Note that the same key is also passed as the upstream idempotency key, so even a cache miss on retry reuses the previous upstream result.

Common mistakes

Caching non-idempotent tools without an idempotency key is the most dangerous mistake. The cache hides the duplicate-call problem until the cache evicts, at which point the side effect fires twice. The fix is to enforce idempotency keys in the tool registry as a precondition for cache eligibility.

Keying on the raw LLM-generated argument string is the second-most-common error. LLMs serialize objects with non-deterministic key order and whitespace, producing cache misses for semantically identical requests. Always pass arguments through canonicalization before hashing.

Ignoring stale-data drift is a third pitfall. Read-only caches with hour-long TTLs feel safe but quietly serve outdated data when the upstream changes mid-window.
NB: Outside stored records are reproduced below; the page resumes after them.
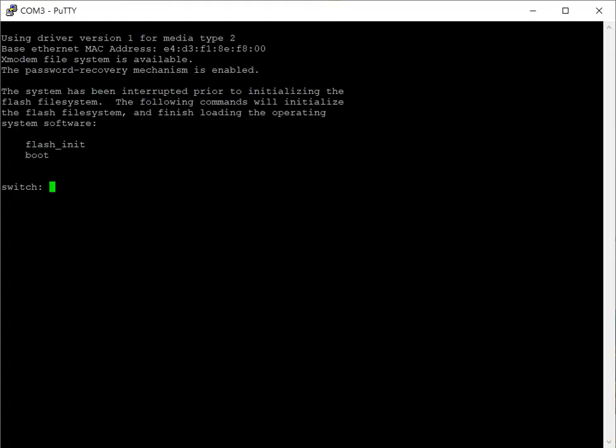And then as soon as we see that come up, we let go of the mode button and that brings us to flash init.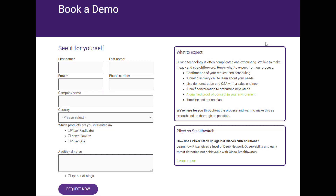So what's the next action? If you're a Plexer customer, make sure you contact support — we want to get you upgraded to the latest versions and talk about the options available to you with your current licensing. If you're not a Plexer customer, make sure you go to www.plixer.com and click on Book a Demo.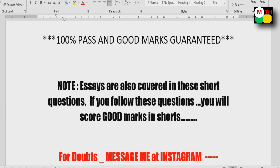Essays are also covered in these short questions. If you follow these questions, you will score good marks in shorts.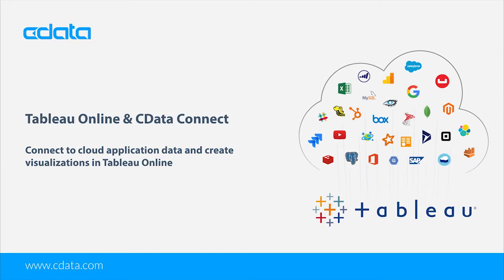Tableau Online is your analytics platform fully hosted in the cloud, easily accessible from a browser or on-the-go with Tableau's mobile apps.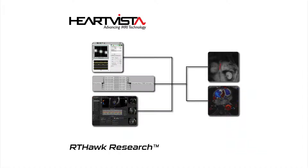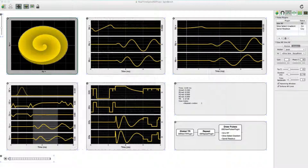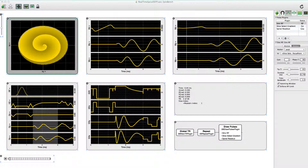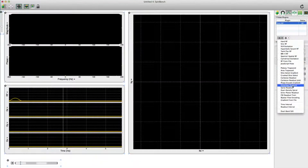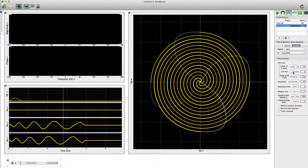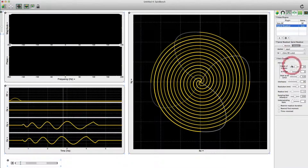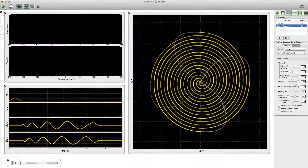RT-Hawk research enables rapid development of advanced and real-time MRI applications. Application development begins with SpinBench, where the user can create pulse sequences using either custom waveforms or pulse plugins from the extensive SpinBench library. These plugins can be synchronized with a collection of timing parameters.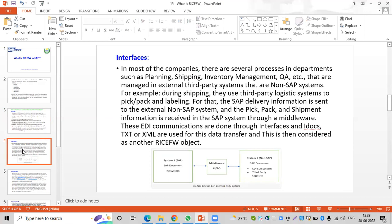Next is Interfaces. An interface connects different systems — for example, when a client has an SAP system already integrated with a manufacturing site. When they are doing packing at the manufacturing site, a product packing label with a barcode is printed.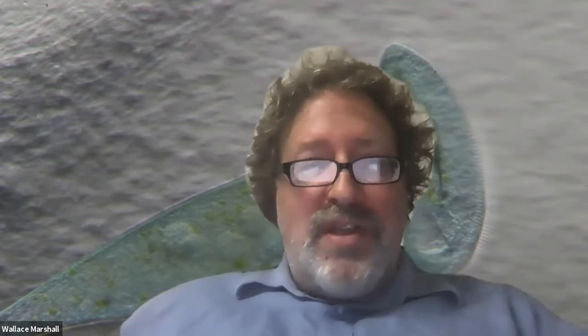Let's give a round of virtual applause for Will's talk. Our next speaker is Karen Ellum from both the MPI for self-organization and also Technical University of Munich. Yes, perfect. Thanks for having me. I'm fascinated by life and particularly how shape arises and adapts. My beloved building block is actually flow networks.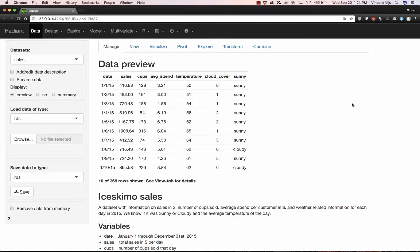If you're going to make decisions based on data and models, it's important that your analysis is reproducible.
Pair every read-only cache with at least time-based expiry plus, where available, an invalidation hook.

Finally, cache stampedes — hundreds of agents hitting an empty cache simultaneously — melt downstream services. Single-flight coalescing or randomized expiry jitter prevents this.

FAQ

Q: How is this different from prompt caching?

Prompt caching, as offered by Anthropic and OpenAI, stores tokenized prompt prefixes inside the LLM provider so the model skips re-processing them. It is invisible to the orchestrator and saves model tokens and latency only. Tool-result caching lives in the agent runtime, stores tool outputs, prevents duplicate side effects, and is the layer at which deterministic replay is possible. Both are useful and stacked: a checkpointed agent often reads from prompt cache for the LLM step and tool-result cache for tool steps.

Q: When should TTL be zero?

Whenever a tool has side effects that cannot be reversed and lacks an idempotency key. Examples include sending an email through a non-idempotent transport, posting to a write-only webhook, or any stateful operation where the caller cannot prove the operation has not already happened. A TTL of zero forces every call to hit the upstream, which then becomes the single source of truth.

Q: How do I invalidate on upstream data change?

Three mechanisms in order of robustness. First, change-data-capture: subscribe to a database CDC stream (Debezium, native CDC) and translate row-level events into key-pattern invalidations. Second, application-emitted invalidation events: services that own data emit "data X changed" events to a pub/sub topic the cache subscribes to. Third, version stamps: include a schema or content version in the cache key so a version bump implicitly invalidates the entire prior generation.

Q: Should the cache survive process restarts?

For pure-function and read-only caches, yes — a Redis or Postgres backing store is cheap insurance. For caches whose entries are bound to a specific run (one-shot mutation results, partial computations), no — those should live on the per-run checkpoint, not the global cache, so they cannot leak between users.

Q: How does this interact with agent checkpointing?

The checkpoint is the per-run system of record; the cache is a global side-channel that opportunistically returns prior results. On resume, the runtime reads the checkpoint to find pending tool calls, then issues each call with its idempotency key, which the cache layer recognizes and serves. The two layers cooperate but are independent; you can have either without the other, but production agents typically run both.